Partial-Birth Abortion Ban Inches Closer to Being Law
WASHINGTON — It has been eight years, but it appears a bill to ban partial-birth abortions is close to becoming law.
The House on Oct. 2 voted 281-142 to ban partial-birth abortions. The action came just two days after a conference committee of House and Senate negotiators agreed on final language for the bill.
But Sen. Barbara Boxer, D-Calif., wanted several days of debate on the bill, which pushed a Senate vote past the Columbus Day recess.
That delay is just one more for a ban that has been anything but fast-track legislation.
“President Clinton and a minority of senators, mostly Democrats, blocked enactment of the partial-birth abortion ban for eight years, and now it appears that Democratic senators will obstruct the bill for additional weeks,” said Doug Johnson, legislative director for National Right to Life.
Boxer and other Senate Democrats had already delayed the bill for three months by refusing a customary procedural vote to send the bill to a conference committee to negotiate differences between it and a House bill.
Boxer had demanded that language supporting the 1973 Roe v. Wade Supreme Court decision remain in the final bill. But House Republicans refused to pass such a measure.

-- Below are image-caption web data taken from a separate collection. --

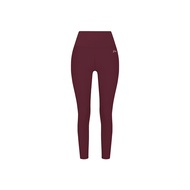 Palette Back-Pocket Wide Ribbed Leggings (The Movement) - The Flos Club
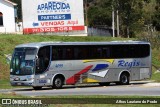 Regis Tur 4099 na cidade de Aparecida, São Paulo, Brasil, por Athos Lauriano do Prado. ID da foto: :id.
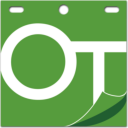 OpenToonz Logo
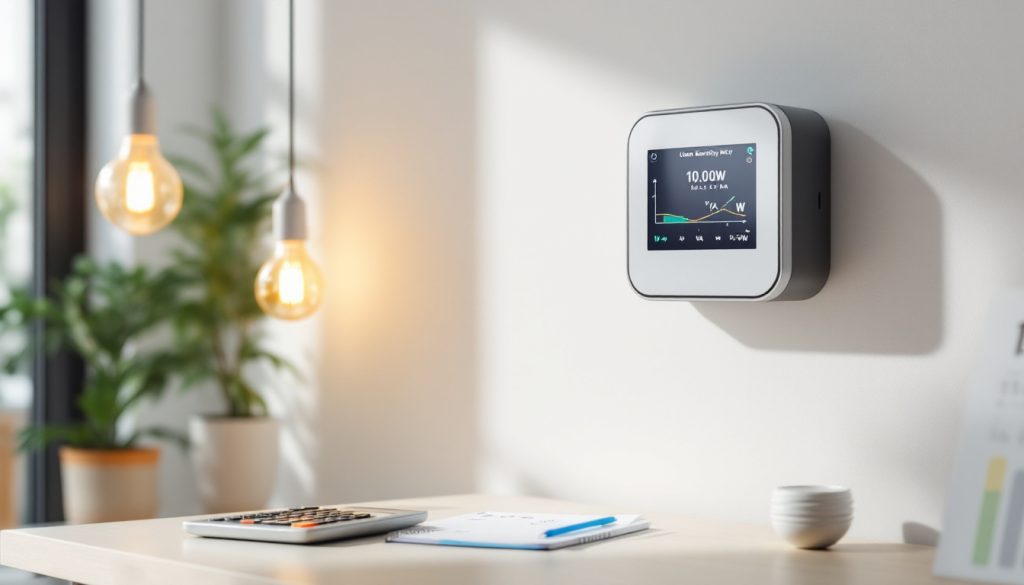 découvrez comment convertir les va en watts dans notre guide complet sur le compteur linky. apprenez à comprendre les différences entre ces deux unités de mesure pour mieux gérer votre consommation d'énergie et optimiser votre facture d'électricité.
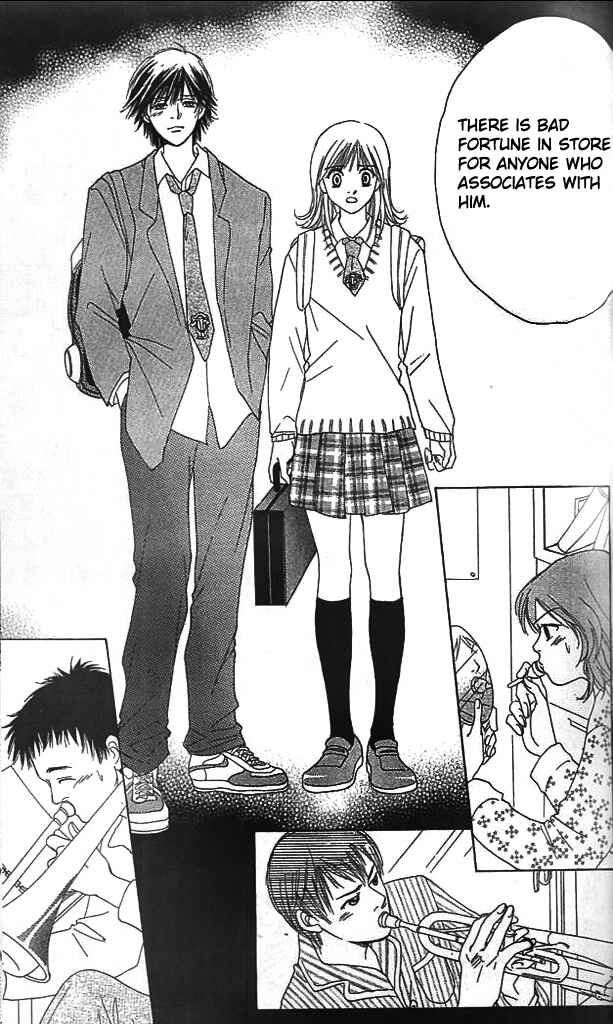Page 64 Chapter 1 Brass Love!!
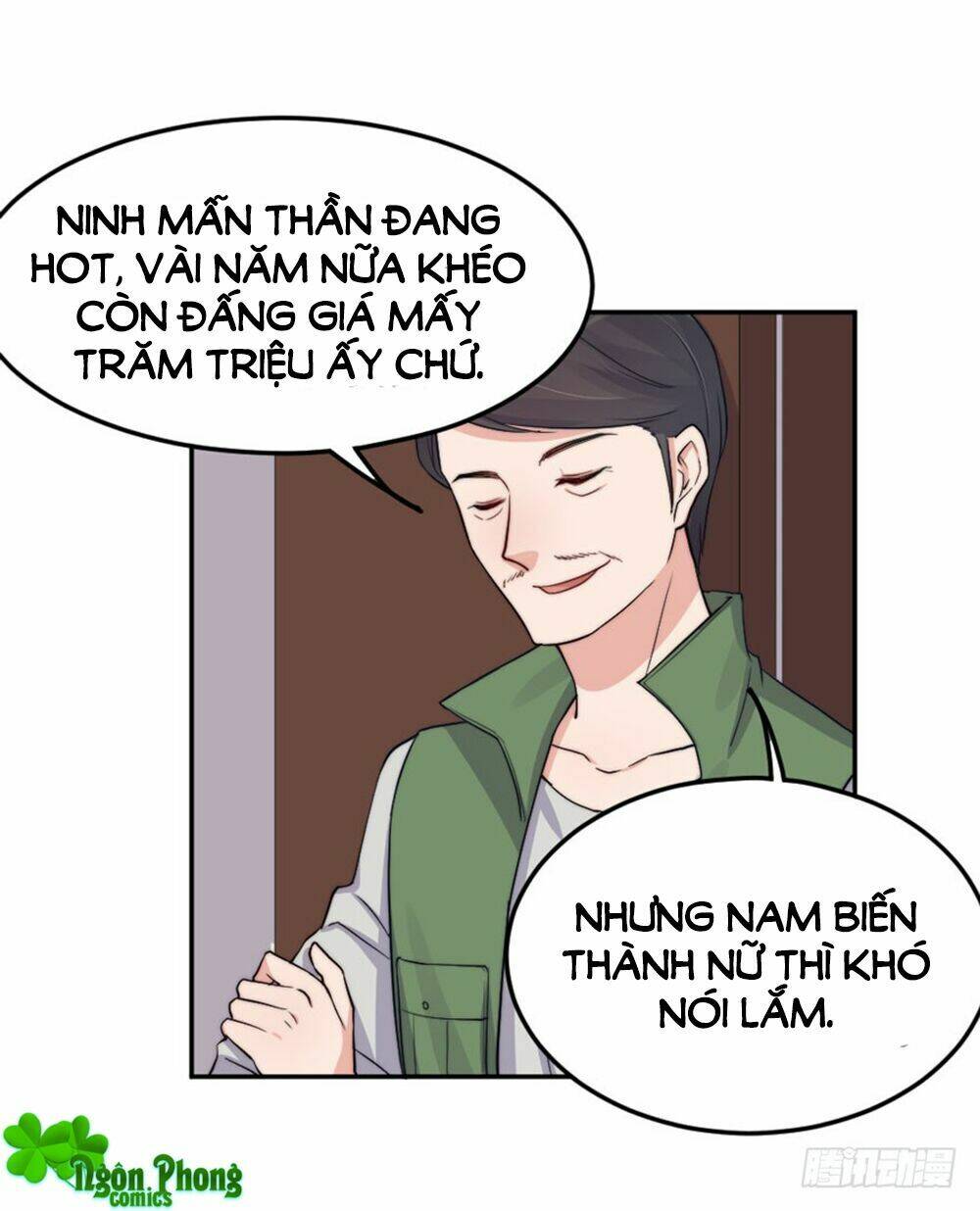 Bà Xã Tôi Là Nam Thần: Chapter 47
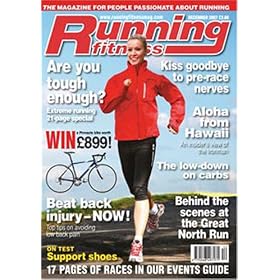 Running Fitness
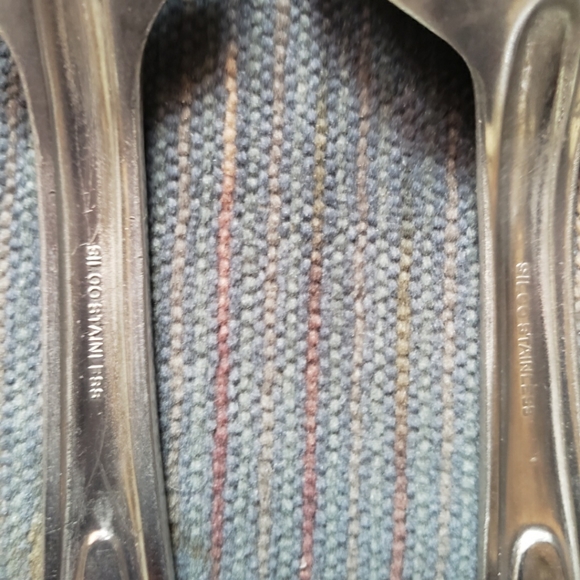 US Military spoon and fork - Picture 3 of 5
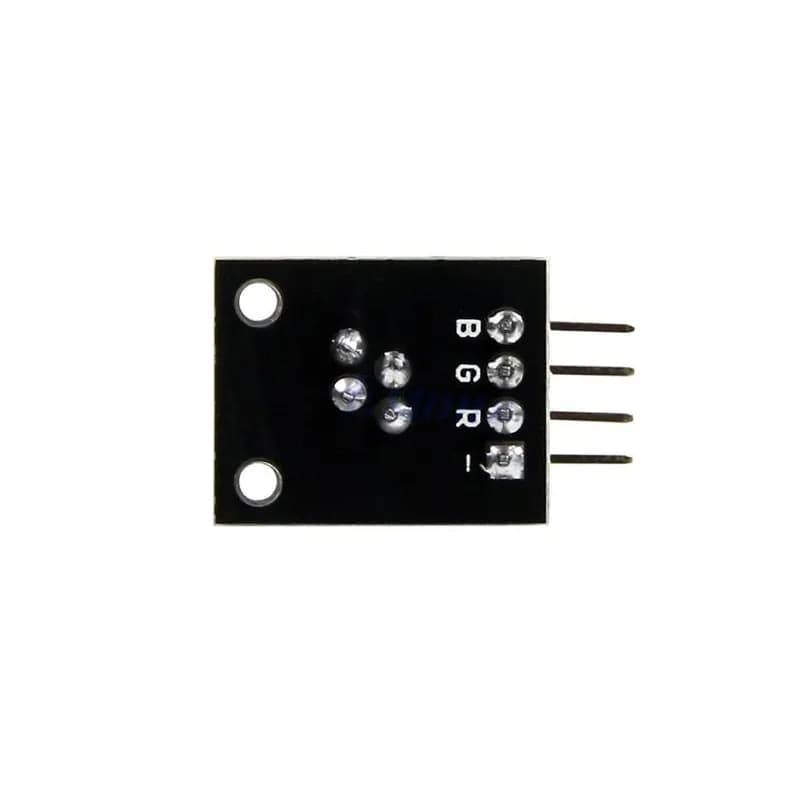 DIP 3 Color LED Module - Gallery Image 1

The senator told reporters: “I worry with this language out … what we're saying to American women is, 'Your health doesn't matter.'”
Sen. Rick Santorum, R-Pa., who sponsored the ban, remained confident that Boxer's delay tactics were near their end.
“We're going to get the bill passed, and we're going to get it signed,” he said.
Gail Quinn, a spokeswoman for the pro-life secretariat at the U.S. Conference of Catholic Bishops, urged the Senate to take up the bill quickly.
“I applaud the House for its action,” she said. “I encourage the Senate to take up the conference report as soon as possible and send it to the president, who is waiting to sign it.”
In the abortion procedure that would be banned by the bill, a baby is partially delivered before the abortionist pierces his head, extracts the brain and collapses the skull, allowing for full delivery of the now-dead baby.
President Bush has made continued promises to sign the ban, and his spokesman reiterated that support after the House vote.
“This will be an important step toward building a culture of life in America,” said White House press secretary Scott McClellan. He urged the Senate “to move quickly on this important piece of legislation.”
President Clinton vetoed similar bans in 1996 and 1997.
A ban on partial-birth abortion has enjoyed wide popular support. A January Gallup poll found that 70% of Americans supported “a law that would make it illegal to perform a specific abortion procedure conducted in the last six months of pregnancy known as a 'partial-birth abortion,' except in cases necessary to save the life of the mother.” One in four Americans opposed such a ban.
Having lost support in the executive and legislative branch, abortion activists have announced they will head to the courts.
“We will challenge this unconstitutional ban the second it's signed into law by President Bush,” said Nancy Northup, president of the Center for Reproductive Rights, a New York-based public interest law firm that represents Nebraska abortionist Dr. LeRoy Carhart.
“As the U.S. Supreme Court has already affirmed, bans like these threaten women's health; we will do everything in our power to prevent this harmful legislation from taking effect,” she said.
She referred to Stenberg v. Carhart, a case in 2000 in which the nation's high court overturned Nebraska's partial-birth abortion law by a 5-4 vote.
The bill's opponents say it is unconstitutional because the language is so broad as to ban more than one type of abortion and because the bill does not include an exception allowing the procedure in cases where it is necessary for the mother's health.
“We will have to practice medicine with the fear of prosecution after every patient,” Carhart told The New York Times.
Johnson of National Right to Life hopes that if the Supreme Court hears a challenge to the new law, there will be five votes in favor of its constitutionality.
“Two-thirds of Congress, 70% of the public and four Supreme Court justices say there is no constitutional right to deliver most of a living baby and then puncture her head with scissors,” Johnson said. “But five Supreme Court justices have said that the right of abortionists to perform partial-birth abortions is guaranteed by Roe v. Wade. We hope that by the time this ban reaches the Supreme Court, at least five justices will be willing to reject such extremism.”
He said the balance could be shifted in one of three ways: One of the justices could decide he was wrong in voting against the ban's constitutionality; one of the justices could decide the language in the new bill is more clearly defined than in the Nebraska law; or there could be a retirement from the bench who would be replaced by a pro-life judge.
House Judiciary Chairman James Sensenbrenner, R-Wis., said the ban itself is medically prudent.
“Contrary to the claims of partial-birth abortion advocates, this savage procedure remains an untested, unproven and potentially dangerous procedure that has never been embraced by the medical profession,” Sensenbrenner said.
He said the language of the bill has been narrowed to define more clearly the prohibited type of abortion.
An abortionist who violates this ban would be subject to fines, a maximum of two years' imprisonment or both. The ban includes an exception for situations in which a partial-birth abortion is deemed necessary to save the life of the mother.
Joshua Mercer writes from Washington, D.C.